# What the exercise asks
Any images in the records should be skipped; transcribe the rest exactly.
── Material shown ──
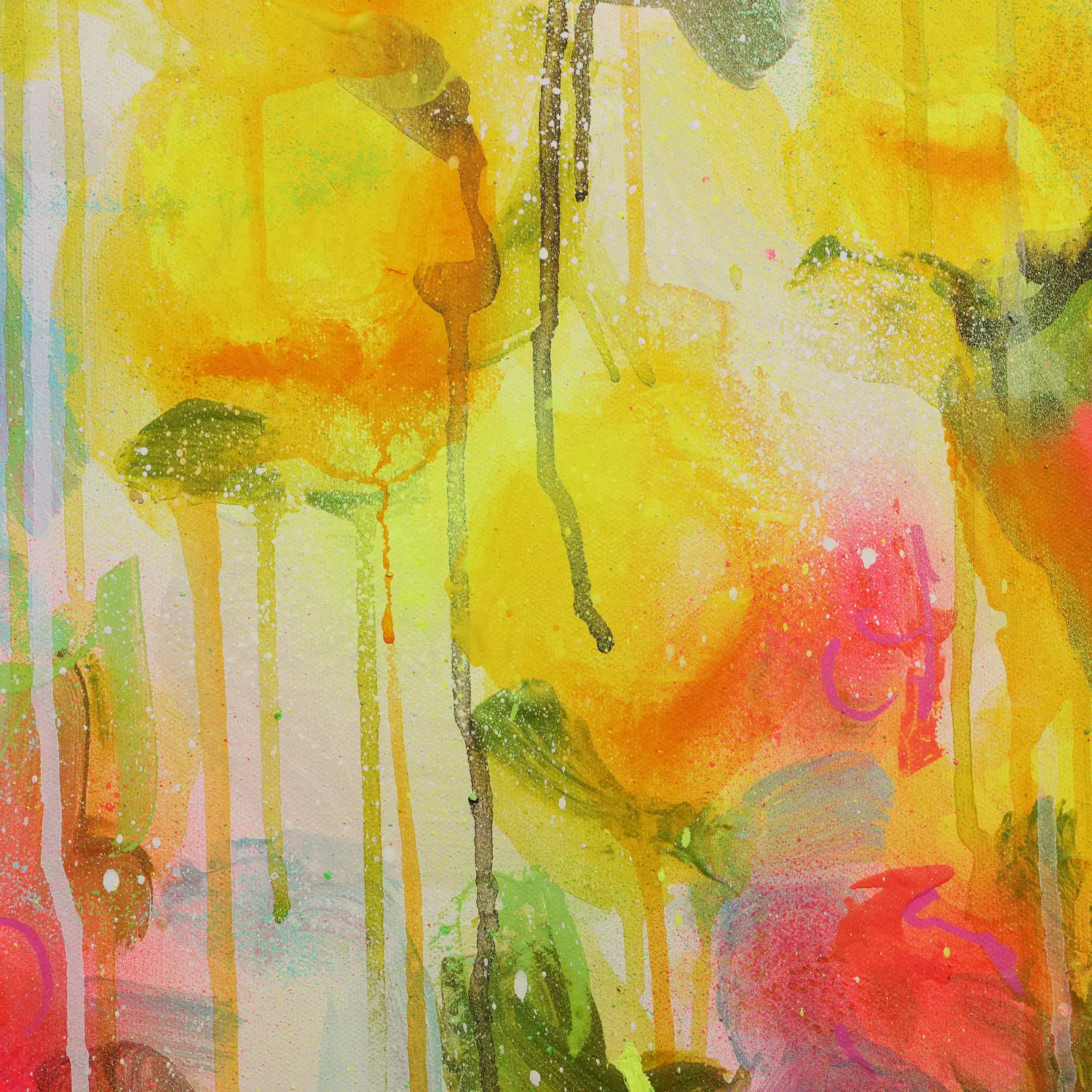 Nahaufnahme Acryl Gemälde Blumen Garten weiß hell neon rot pink gelb orange Kunst abstrakt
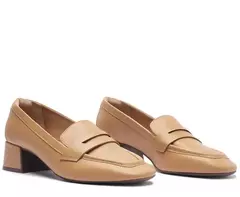 ANACAPRI Mocassim Salto Bloco Loafer Bege - comprar online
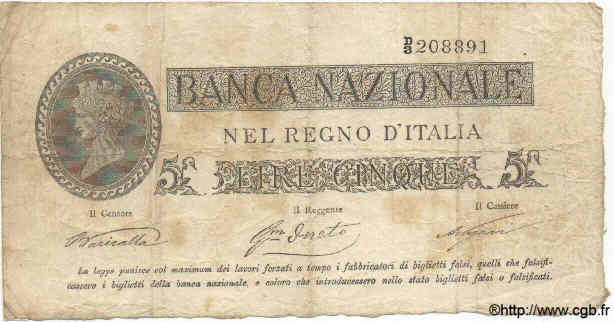 5 Lires ITALY  1866 PS.214 F+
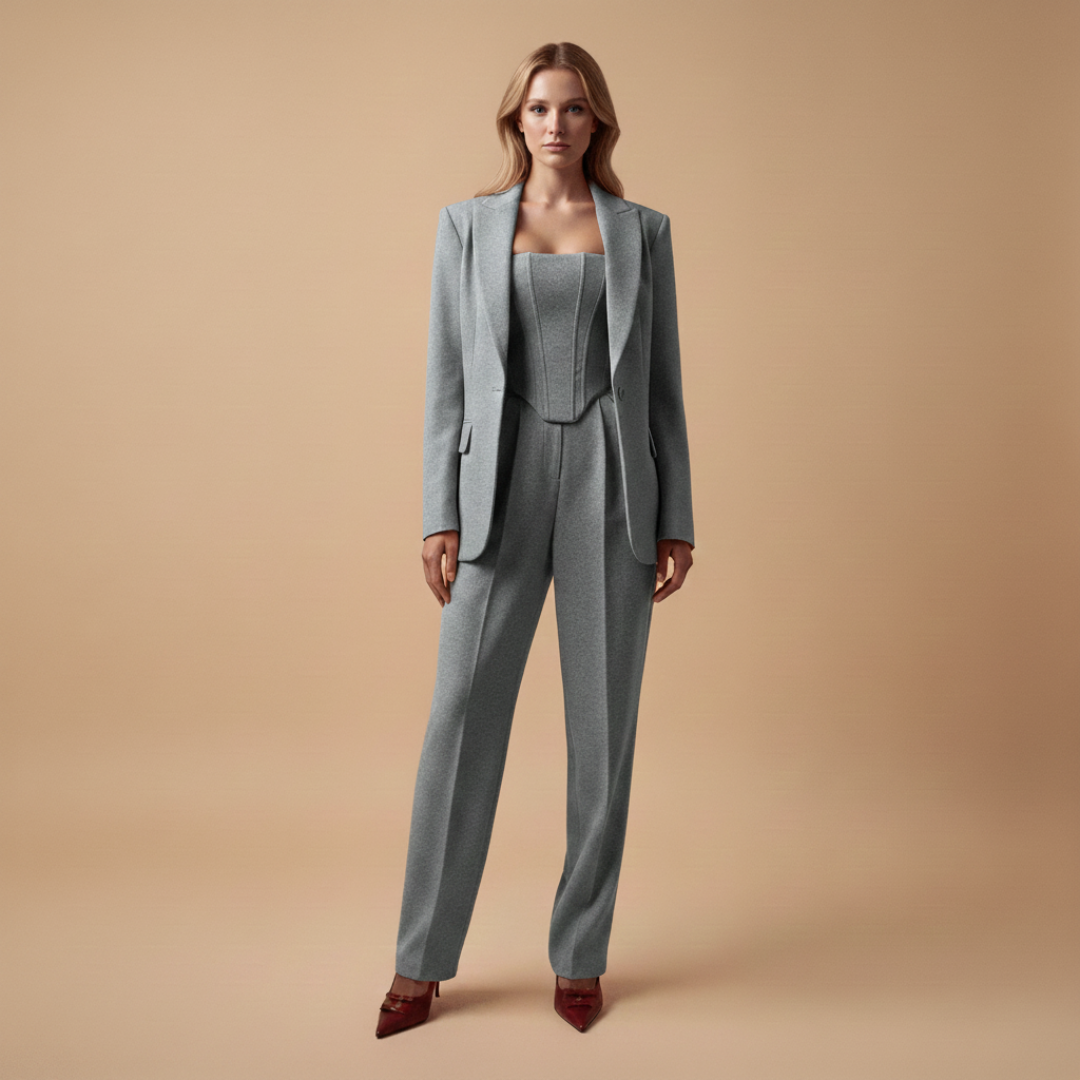 Ladies Slim Fit Suit with Fitted Jacket and Waist Coat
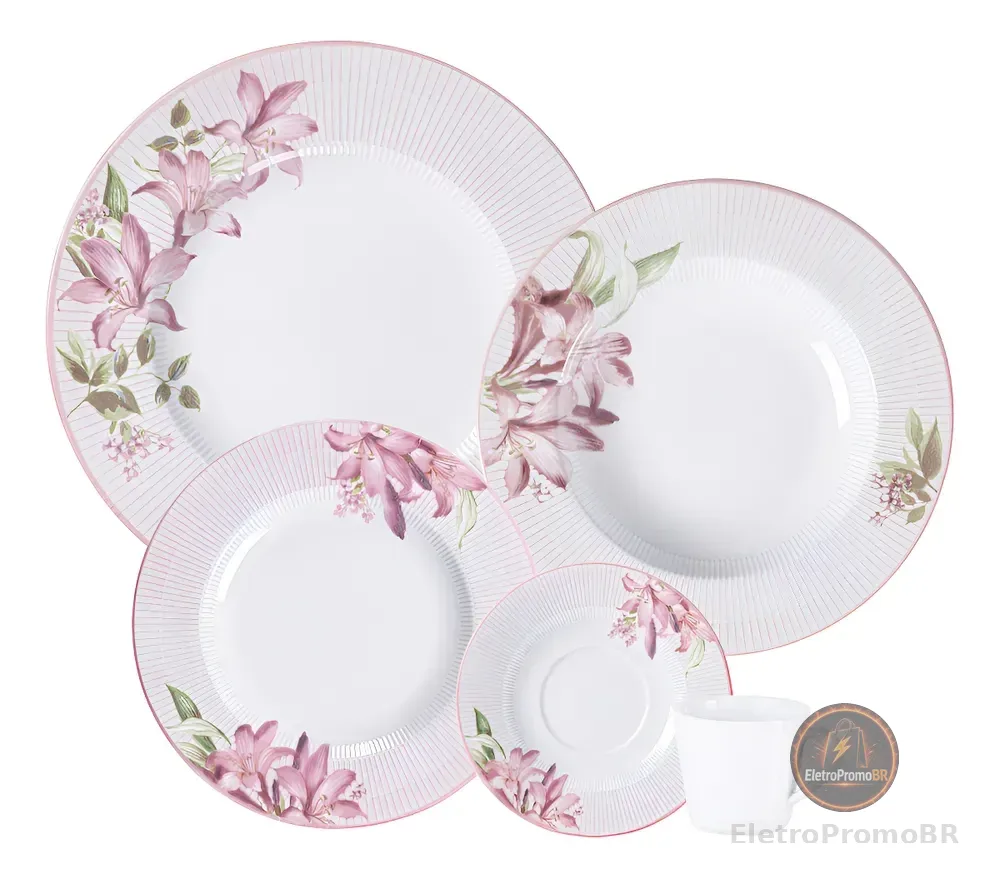 Aparelho Jantar Dominique Em Porcelana 20 Peças Tramontina Branco Com Rosa Florido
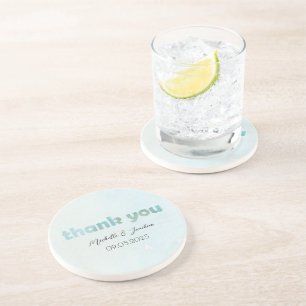 Porta-copos Ilustração Floral de Cor Azul Artística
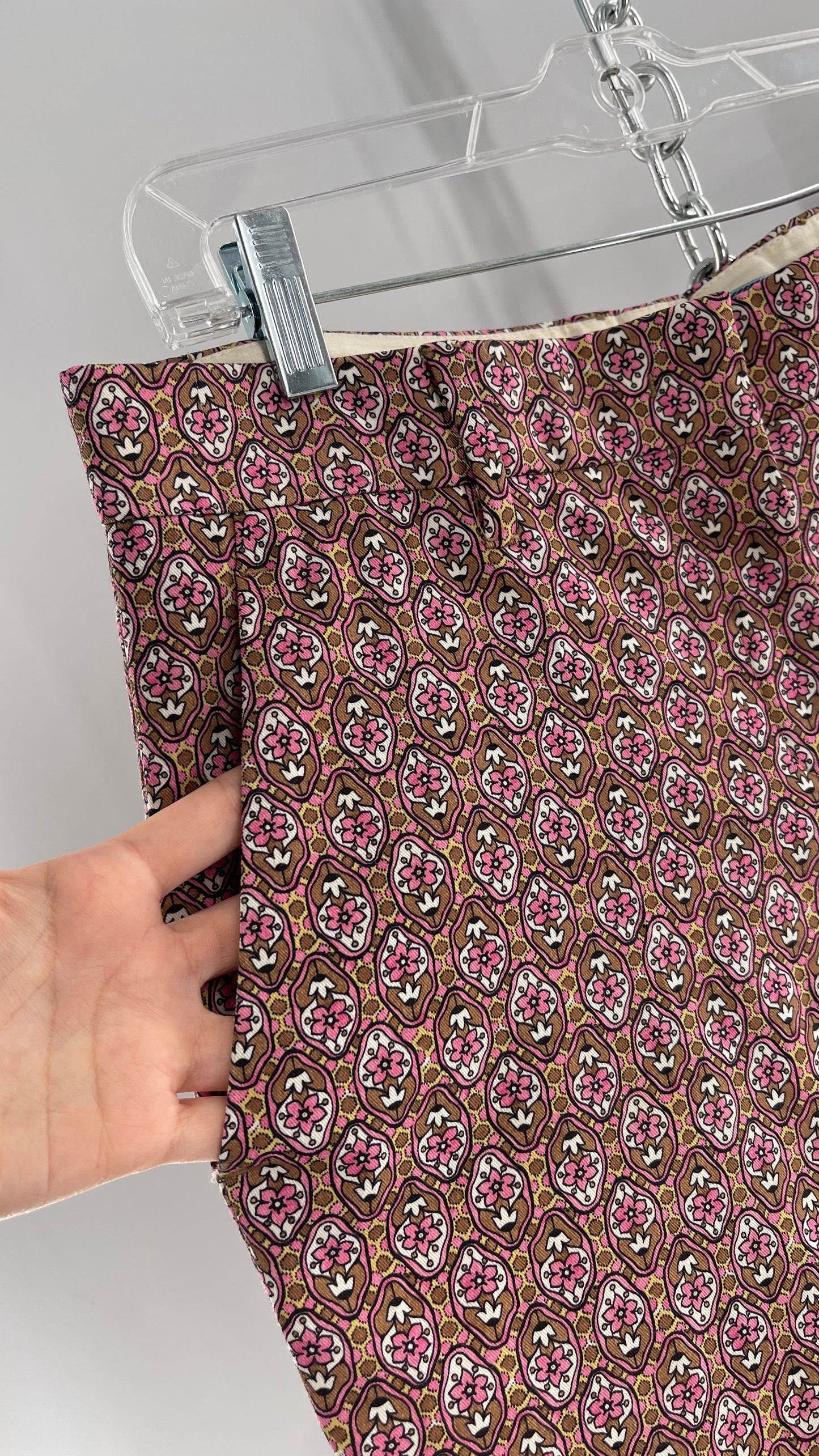 Vintage PRADA Trouser Brown Pink 1970s Style Pattern (28)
───
# Answer to the problem
 Nahaufnahme Acryl Gemälde Blumen Garten weiß hell neon rot pink gelb orange Kunst abstrakt
 ANACAPRI Mocassim Salto Bloco Loafer Bege - comprar online
 5 Lires ITALY  1866 PS.214 F+
 Ladies Slim Fit Suit with Fitted Jacket and Waist Coat
 Aparelho Jantar Dominique Em Porcelana 20 Peças Tramontina Branco Com Rosa Florido
 Porta-copos Ilustração Floral de Cor Azul Artística
 Vintage PRADA Trouser Brown Pink 1970s Style Pattern (28)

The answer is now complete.